Pendant la période pré-pandémique, les professionnels du secteur consultés par SNRTnews font particulièrement mention des "Chinois VIP", qu'ils distinguent de leurs autres compatriotes. Il s'agit de riches touristes du pays du milieu qui optent pour un séjour individuel, en couple ou en famille. Ils ne s'intéressent que très peu à l'artisanat, mais dépensent de grandes sommes d'argent pour l'hôtellerie et la restauration. En effet, ils ne fréquentent que les hôtels et restaurants haut de gamme et y dépensent beaucoup d'argent.
Pour sa part, Mehdi Amgoun, également guide national, confirme à SNRTnews la tendance baissière des arrivées de touristes chinois, notant que les touristes parlant mandarin avec lesquels il a travaillé venaient principalement de Taiwan, Hong Kong et Singapour, avec des arrivées de la Chine continentale qui n'ont repris que timidement ces deux derniers mois. Le nombre d'arrivées est loin d'égaler celui enregistré avant la pandémie, qui atteignait les 200.000 par an. Cette année, il estime les arrivées de touristes à environ 5.000 tout au plus.

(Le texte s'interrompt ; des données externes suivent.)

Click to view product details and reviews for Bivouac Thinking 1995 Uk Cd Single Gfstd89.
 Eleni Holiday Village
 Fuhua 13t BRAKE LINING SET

Amegoun confirme les habitudes touristiques d’achat de “packages” de circuits touristiques, soulignant que les touristes chinois peu dépensiers contrairement aux américains par exemple. Ils aiment acheter des produits du territoire (huile d’argan etc.) mais dépensent très peu dans l’artisanat, “à Fès, ils n’achètent quasiment rien”, confie-t-il. Leur destinations préférées sont Chefchaouen, Merzouga, et dans une moindre mesure Casablanca, vu le prestige du film éponyme, et Marrakech.

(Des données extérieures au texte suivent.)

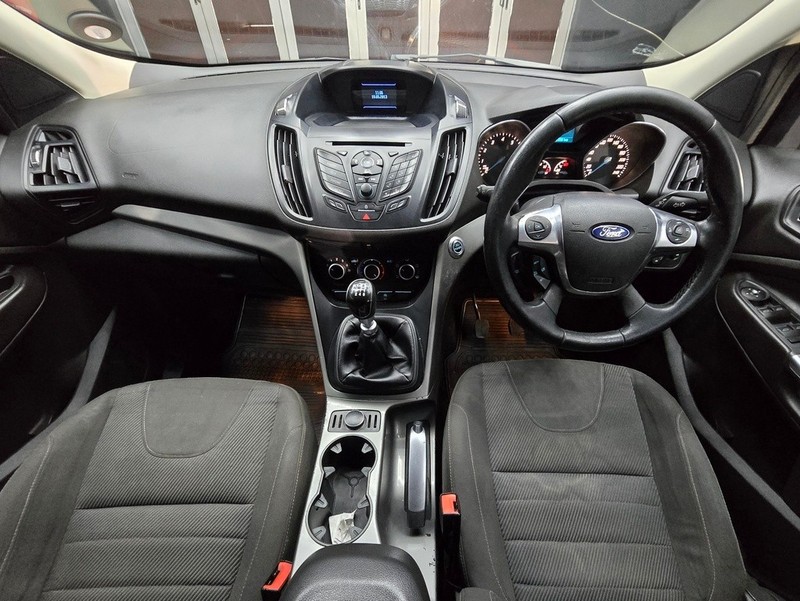 Ford Kuga - Quality Cheapies Auto - Image 7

Notre interlocuteur estime que pour améliorer l'attractivité du Maroc pour les touristes chinois, des efforts sont nécessaires pour combattre la corruption, la mendicité et combattre certains comportements agressifs dans les grandes villes touristiques; "certains vendeurs ambulant proposent leurs marchandises dans un en alternant entre mendicité et intimidation", a-t-il déclaré. Il est également crucial d'investir pour augmenter le nombre d'installations sanitaires publiques, une des principales observations des touristes chinois. L'offre touristique doit être améliorée, notamment dans le secteur hôtelier où les prix augmentent chaque année. Un contrôle renforcé sur les agences et les faux guides chinois qui opèrent illégalement est également nécessaire, car ces derniers proposent des services à moindre prix que les agences marocaines, opérant en toute illégalité tandis que les guides marocains subissent des contrôles d'identité fréquents, déplore notre interlocuteur.
Le renforcement de la coopération touristique entre le Maroc et la Chine, bien qu'il présente de nombreuses opportunités, doit donc surmonter plusieurs défis pour réaliser pleinement son potentiel.